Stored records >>
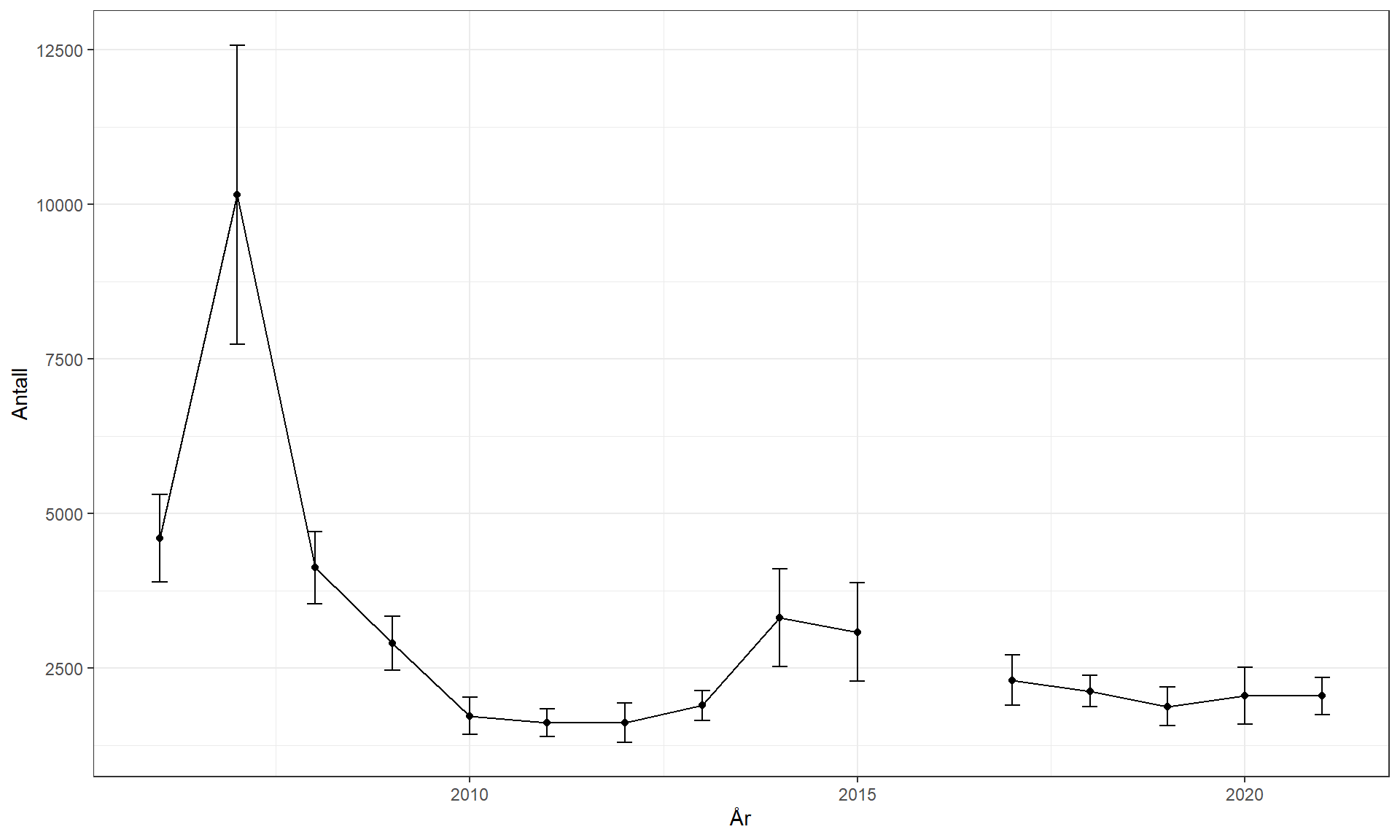 X-aksen viser år og går fra 2006 til 2021. Y-aksen viser antall  og går fra 0 til 12500.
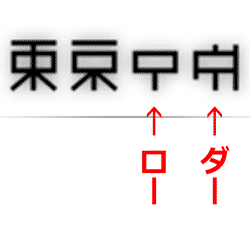 TokyoLoaderのロゴ解析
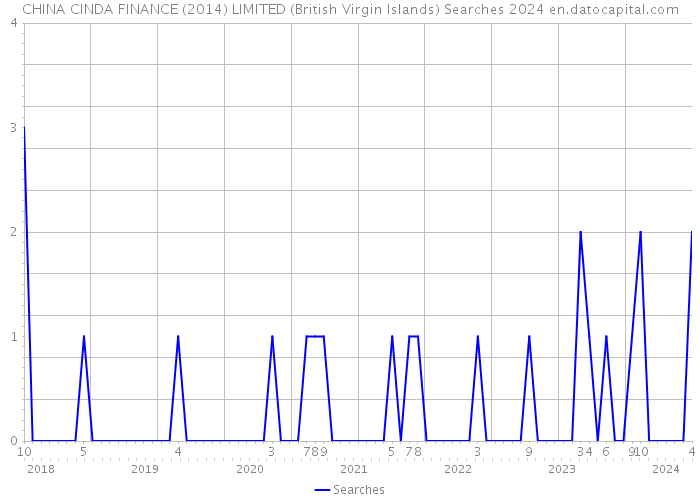 CHINA CINDA FINANCE (2014) LIMITED (British Virgin Islands) Searches 2024 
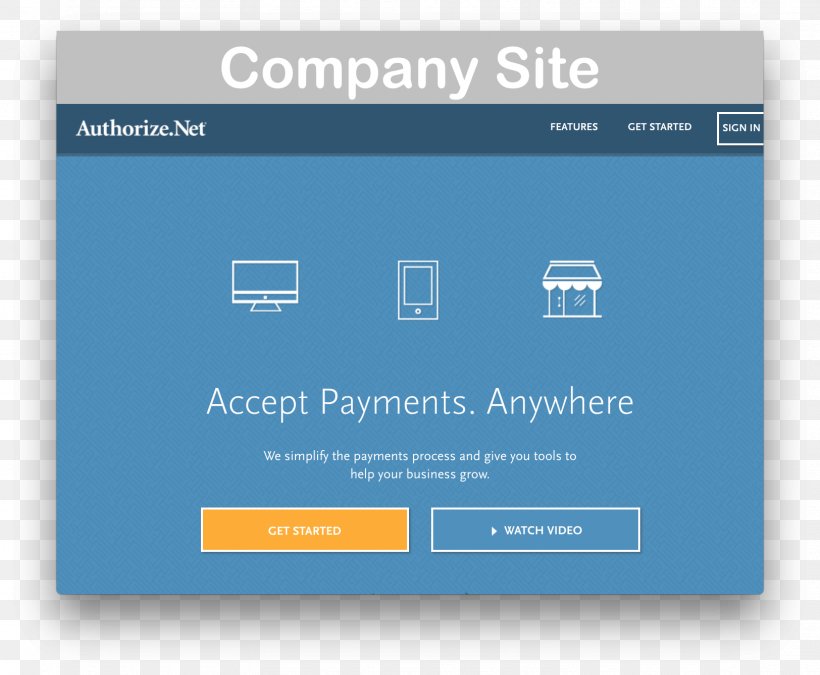 Authorize.Net Payment Gateway Business Payment Processor, PNG, 1624x1338px, Authorizenet, Blue, Brand, Business, Cheque Download Free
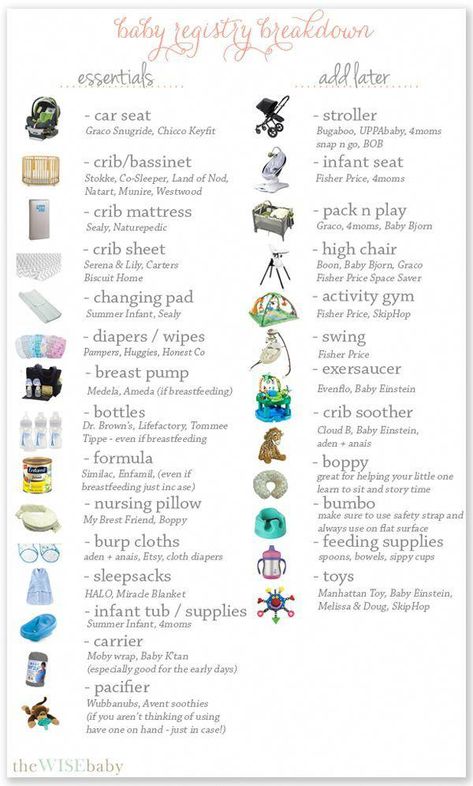 Infant Needs List, Baby Purchase List, New Born Baby Necessary Items, Nursery List Newborns, List For Baby Registry, Things To Put On Baby Registry, Newborn Baby Shopping List, Baby Checklist Newborn Essentials, What To Put On Your Baby Registry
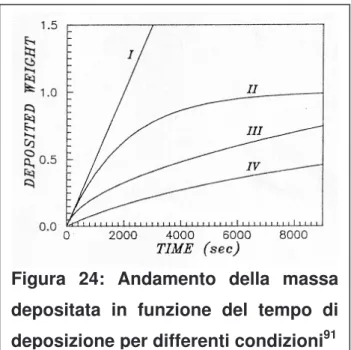 Figura  24:  Andamento  della  massa  depositata  in  funzione  del  tempo  di  deposizione per differenti condizioni 91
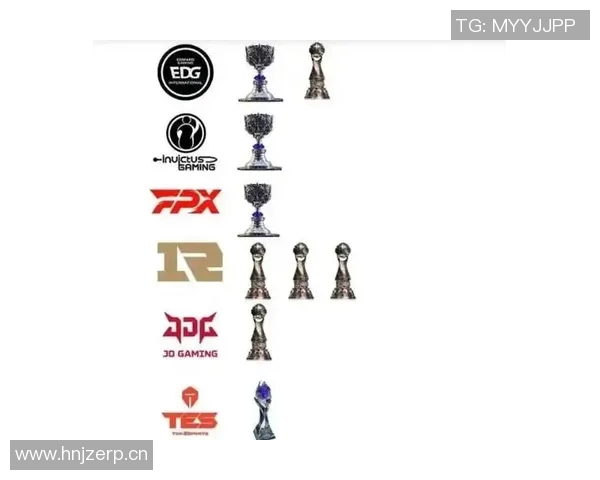 英雄联盟技术排行榜揭晓TES战队荣登第二名引发热议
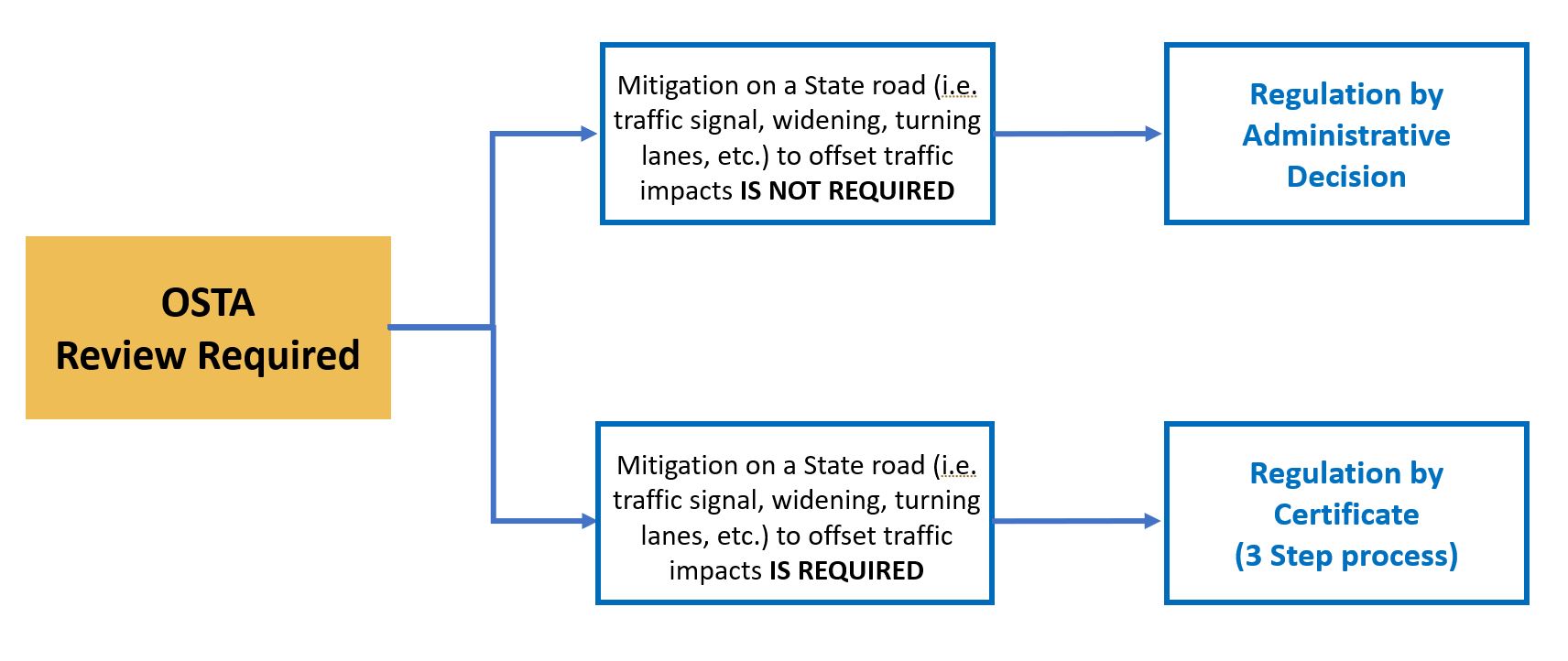 flowchart to determine what type of OSTA regulation is required.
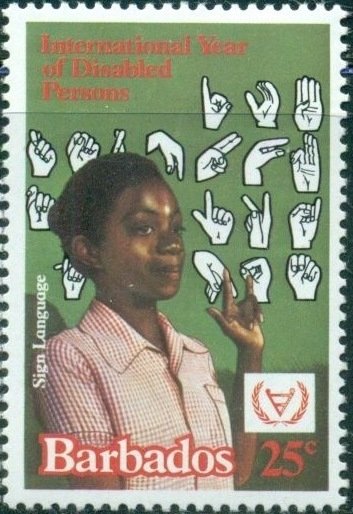 Sign Language Alphabet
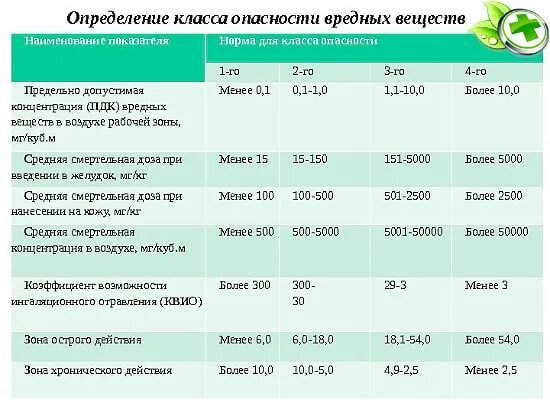 2 класс опасности вредных веществ. Классы опасности химических загрязняющих веществ. Класс опасности вредных химических веществ. 2 класс опасности вредных веществ. 007-76 класс опасности.
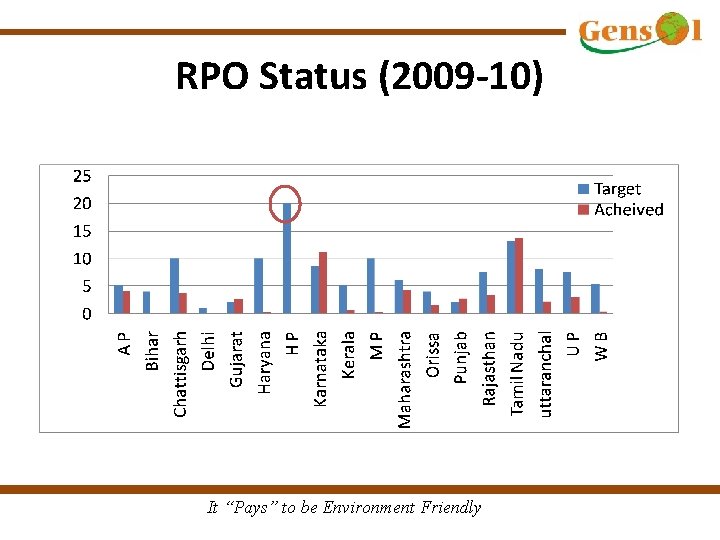 RPO Status (2009 -10) It “Pays” to be Environment Friendly 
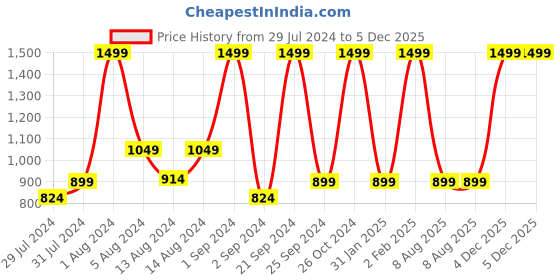 myntra.com POSHART FASHION AS UNIQUE AS YOU ARE Ethnic Motifs Printed Regular Pure Cotton Kurta Set poshart fashion as unique as you are Price History Graph from 29 Jul 2024 to 4 Dec 2025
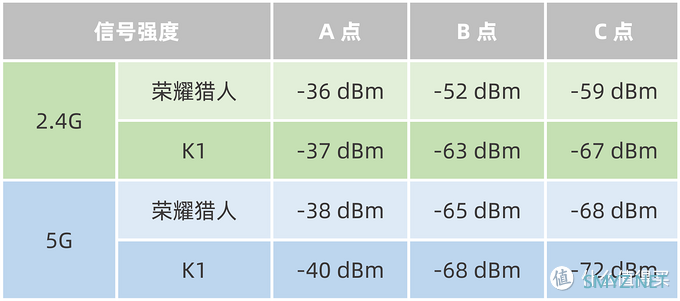 换个路由器，开黑告别460？也来谈谈荣耀猎人游戏路由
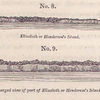 Elizabeth, or Henderson's Island; Enlarged view of part of ditto
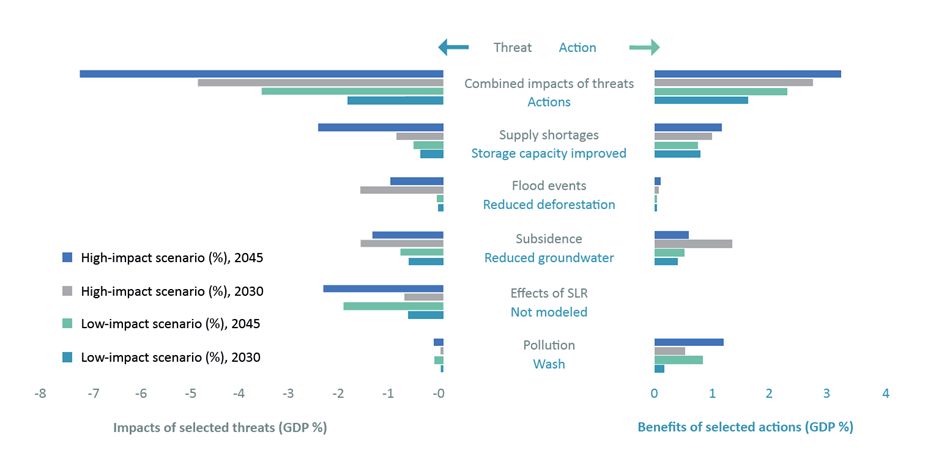 Water Security Underpins Indonesia’s Vision 2045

WHAT IS BEING ASKED >> Each entry above has to be set down again verbatim, except for its pictures.

THE COMPLETED TASK >>
 X-aksen viser år og går fra 2006 til 2021. Y-aksen viser antall  og går fra 0 til 12500.
 TokyoLoaderのロゴ解析
 CHINA CINDA FINANCE (2014) LIMITED (British Virgin Islands) Searches 2024 
 Authorize.Net Payment Gateway Business Payment Processor, PNG, 1624x1338px, Authorizenet, Blue, Brand, Business, Cheque Download Free
 Infant Needs List, Baby Purchase List, New Born Baby Necessary Items, Nursery List Newborns, List For Baby Registry, Things To Put On Baby Registry, Newborn Baby Shopping List, Baby Checklist Newborn Essentials, What To Put On Your Baby Registry
 Figura  24:  Andamento  della  massa  depositata  in  funzione  del  tempo  di  deposizione per differenti condizioni 91
 英雄联盟技术排行榜揭晓TES战队荣登第二名引发热议
 flowchart to determine what type of OSTA regulation is required.
 Sign Language Alphabet
 2 класс опасности вредных веществ. Классы опасности химических загрязняющих веществ. Класс опасности вредных химических веществ. 2 класс опасности вредных веществ. 007-76 класс опасности.
 RPO Status (2009 -10) It “Pays” to be Environment Friendly 
 myntra.com POSHART FASHION AS UNIQUE AS YOU ARE Ethnic Motifs Printed Regular Pure Cotton Kurta Set poshart fashion as unique as you are Price History Graph from 29 Jul 2024 to 4 Dec 2025
 换个路由器，开黑告别460？也来谈谈荣耀猎人游戏路由
 Elizabeth, or Henderson's Island; Enlarged view of part of ditto
 Water Security Underpins Indonesia’s Vision 2045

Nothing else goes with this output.